One of his first calls was about a mother whale and her baby entangled in a gill net off the coast of Palos Verdes. He said he bought a boat, got a crew and went out. They were eventually successful, and mother and baby swam off free.

“That rescue motivated me to start it [MAR],” Wallerstein said.

In 1985, Wallerstein founded the Whale Rescue Team, a local skilled response group for whales in Southern California that were becoming entangled in fishing gill nets, a practice that was eventually banned by the state in 1993 after thousands of marine animals were killed. He established a live 24-hour toll-free hotline for reporting marine animals trapped or in distress. He then received authorization from local beach authorities to act as first responder and was granted a Letter of Authorization from the National Marine Fisheries Service to evaluate and rescue entangled marine animals. His efforts started naturally carrying over to all sick and injured marine wildlife and in 2007, Whale Rescue Team was renamed Marine Animal Rescue.

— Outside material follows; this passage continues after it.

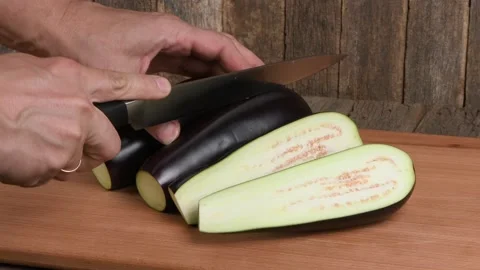 The man cuts Eggplant. Side view. Stock Footage 163883322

MAR’s office is based in El Segundo and Wallerstein himself, nearby, in an ocean-side RV park on Dockweiler Beach. Wallerstein said he sold his home in Topanga and moved to Dockweiler Beach to be closer to the calls. Marine Animal Rescue is stamped on the side of his RV and everything he needs to make a rescue – his 16-foot rescue boat and pickup truck – is hitched outside.

Wallerstein did, for the most part, rescues by himself for 25 years, devising the techniques to rescue the animals himself.

“Everything I know I taught myself,” Wallerstein said.

He now has a rescue team of three – Artie Wong and Brad Torsone help with rescues in Los Angeles County and Capt. Jon Council handles all the rescues on Catalina Island. They are on call 24/7.

“Sometimes I have to call them in the middle night if a sea lion crosses the street and gets somewhere – in someone’s yard or under someone’s car – I can’t tell the people we’ll be there in the morning,” Wallerstein said.

Wallerstein said lifeguards and harbor patrol are also vital partners in the operation, alerting them to injured marine animals and assisting with rescues.

Wallerstein admitted his age has slowed his ability to personally respond to every rescue. He said at some point in the future he hopes to find a successor to take over MAR, his life’s work. For now, it’s life as usual.

“I just do this,” Wallerstein said. “This is my life.”